Forevergreen Road Corridor Preservation
Posted on: February 27, 2013
This is information that was presented during a public open house Feb. 6, 2013 at Van Allen Elementary School in North Liberty.
- This is not a design or a construction project. It is a long-range plan to identify where the Forevergreen Road corridor from 12th Avenue to Dubuque Street shall be located. Each city (North Liberty and Coralville) has agreed on future city growth areas. We are planning for these future growth areas. We do not anticipate construction of this road to occur in the near future. Oakdale Blvd took approximately 22 years for construction.
- There is no public money reserved for road construction. Typically all the roads within a new subdivision (development) – including arterial roads – are paid for by, or partially by, the developer.
- This geographic area is lacking east-west streets from Dubuque Street to Hwy 965. It is approximately 4.4 miles from Zeller Street to Oakdale Blvd with no eastwest street in between these. Extension of Forevergreen Road from 12th Avenue to Dubuque Street will cut this distance between east-west streets in half. The current lack of east-west routes results in increased travel times/distances, increased emergency response times, limited transit & school bus route options and bussing times, more fuel consumption, pollution, and fuel costs for the traveling public.
- Development of this area will eventually occur. It may be 2 years, 10 years, or 50 years; but eventually the area will develop. Without a Forevergreen Road extension the only access for the developments would be the existing north-south corridors (Dubuque Street, 1st Avenue/NL Road).
- The cities of North Liberty and Coralville need to plan for the location of this future Forevergreen Road extension corridor. Without a plan for this corridor, the developers (and school district) will submit annexation and development plans without a comprehensive eastwest corridor plan. The cities need to require that the developers plan for and include the Forevergreen Road extension corridor with their development plans rather than as an afterthought. The cities need to plan for this corridor rather than leave this to a developer.

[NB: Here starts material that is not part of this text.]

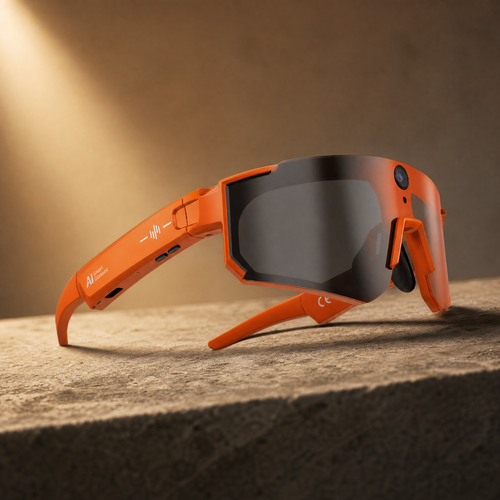 AI Smart Glasses in Orange, cinematic product photo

- The study approach will consider environmentally sensitive areas, roadway alignment design criteria (minimum radii, slopes, site distances, etc.), and properties in the area. The information gathered from the previous study will be utilized, but this new study will also
- consider upfront public comments and comments from directly affected property owners as the study is conducted.
- The new study will consider all modes of transportation including pedestrians, transit, and bicycles. The new study will also consider a larger study area, especially to the north.
- We are listening and care about the impacts to the properties in this area. Where possible, we will do our best to include everyone’s comments for the proposed corridor preservation. However, we know that there are numerous property owners within the corridor area and some will have competing interests. We expect that there will be some unavoidable interest conflicts but will attempt to minimize these conflicts.